Material provided
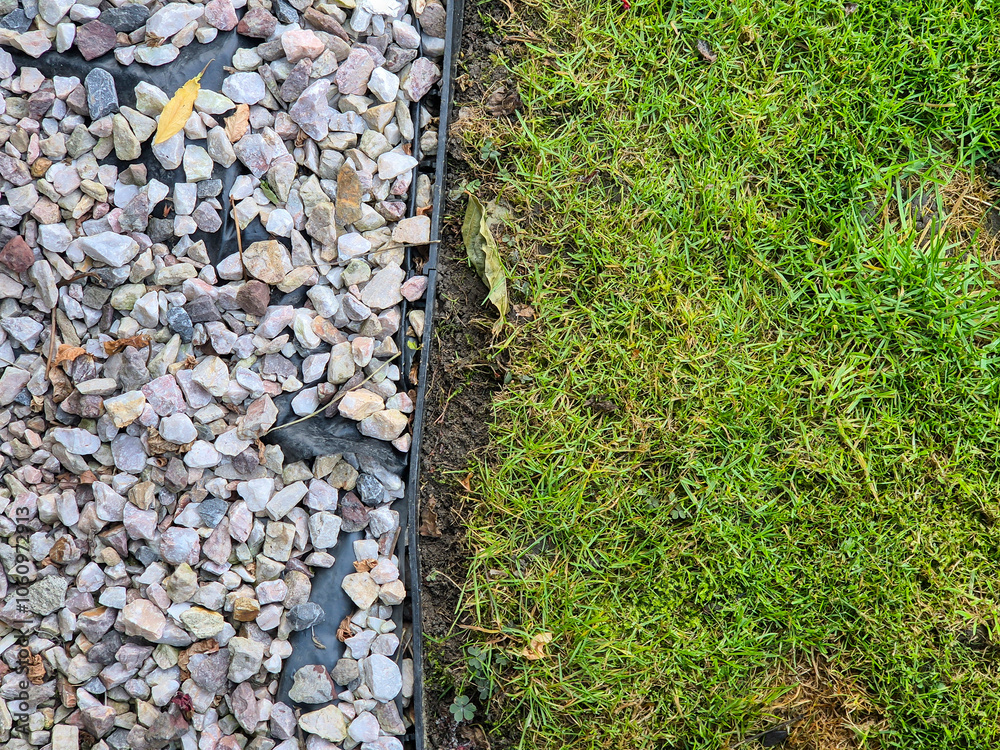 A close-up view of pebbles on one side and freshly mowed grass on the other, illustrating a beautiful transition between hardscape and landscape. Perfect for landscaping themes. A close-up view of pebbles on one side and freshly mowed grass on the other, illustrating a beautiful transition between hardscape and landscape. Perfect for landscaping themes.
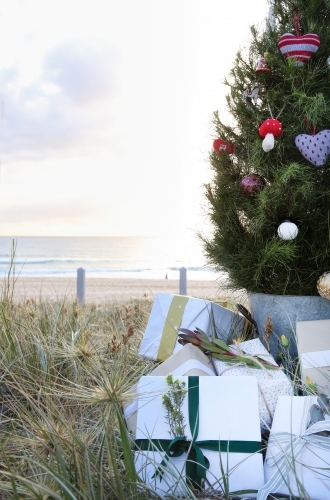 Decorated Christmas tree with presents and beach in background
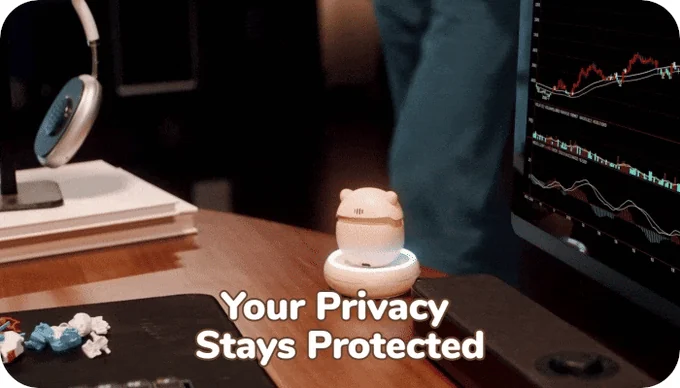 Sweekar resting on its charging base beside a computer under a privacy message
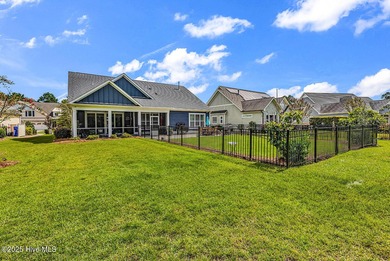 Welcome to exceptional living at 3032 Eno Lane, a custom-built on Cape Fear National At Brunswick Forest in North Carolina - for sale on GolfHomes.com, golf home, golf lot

Activity
Write out the lines from the start of the material to the line with "Decorated Christmas tree", inclusive and exactly. Skip the pictures.

Expected output
 A close-up view of pebbles on one side and freshly mowed grass on the other, illustrating a beautiful transition between hardscape and landscape. Perfect for landscaping themes. A close-up view of pebbles on one side and freshly mowed grass on the other, illustrating a beautiful transition between hardscape and landscape. Perfect for landscaping themes.
 Decorated Christmas tree with presents and beach in background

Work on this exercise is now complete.